▶ What the task asks
This exercise calls for every record to be returned exactly, with pictures removed.

Brief descriptive captions
# # #
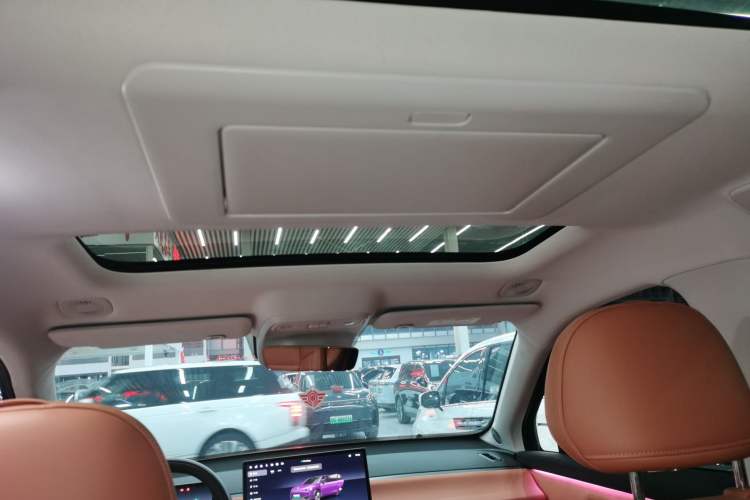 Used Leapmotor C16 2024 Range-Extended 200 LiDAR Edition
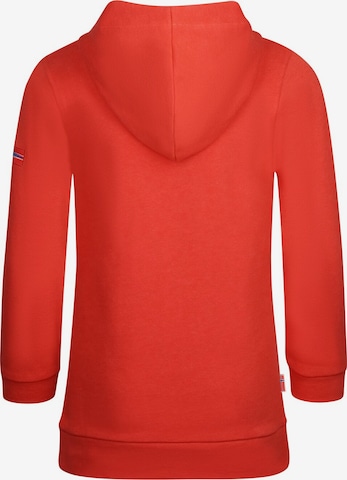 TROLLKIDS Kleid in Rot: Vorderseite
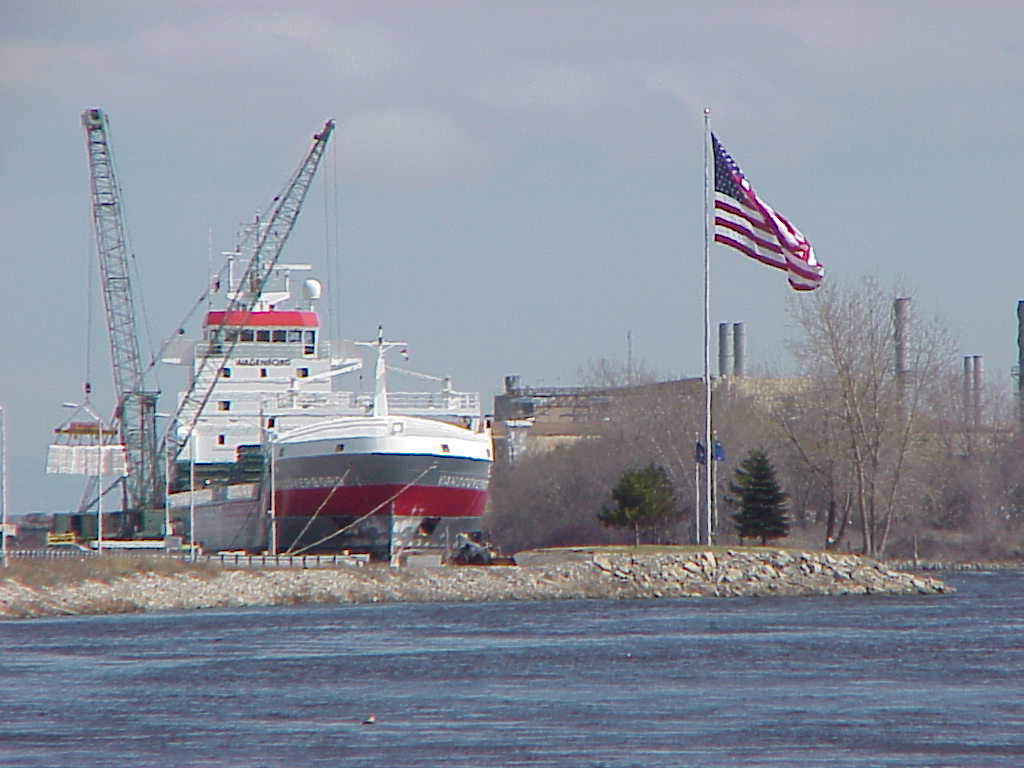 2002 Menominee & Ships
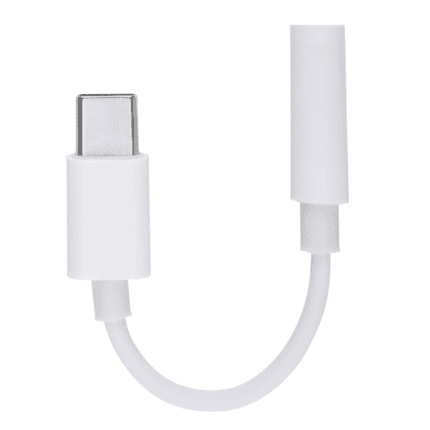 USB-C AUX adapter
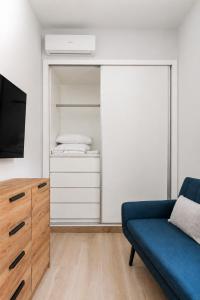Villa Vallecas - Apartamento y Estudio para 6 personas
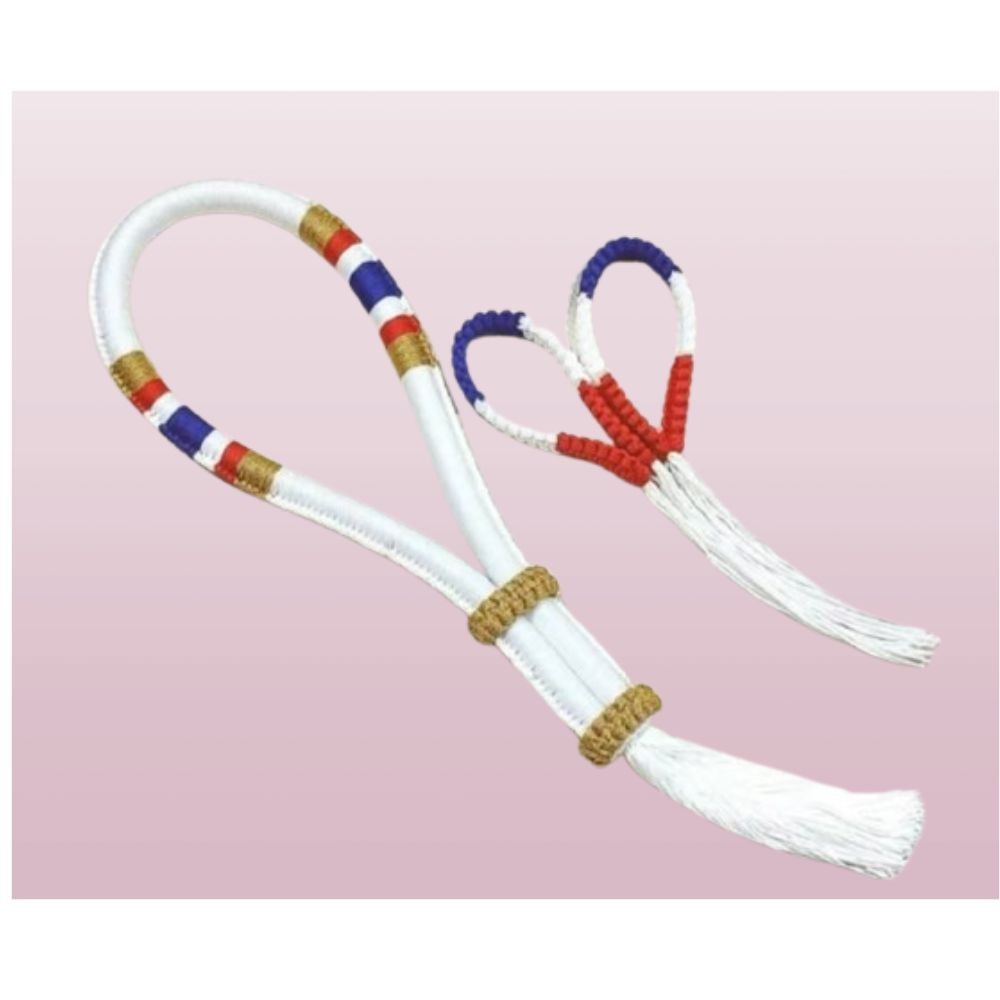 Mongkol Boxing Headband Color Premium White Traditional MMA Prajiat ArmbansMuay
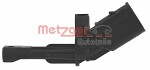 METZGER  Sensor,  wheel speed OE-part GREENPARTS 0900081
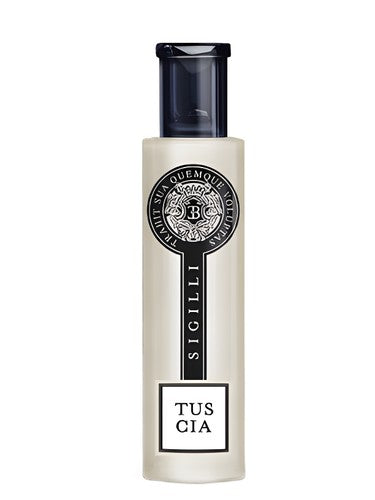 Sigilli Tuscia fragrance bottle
# # #
▶ Response for this exercise
 Used Leapmotor C16 2024 Range-Extended 200 LiDAR Edition
 TROLLKIDS Kleid in Rot: Vorderseite
 2002 Menominee & Ships
 USB-C AUX adapter
Villa Vallecas - Apartamento y Estudio para 6 personas
 Mongkol Boxing Headband Color Premium White Traditional MMA Prajiat ArmbansMuay
 METZGER  Sensor,  wheel speed OE-part GREENPARTS 0900081
 Sigilli Tuscia fragrance bottle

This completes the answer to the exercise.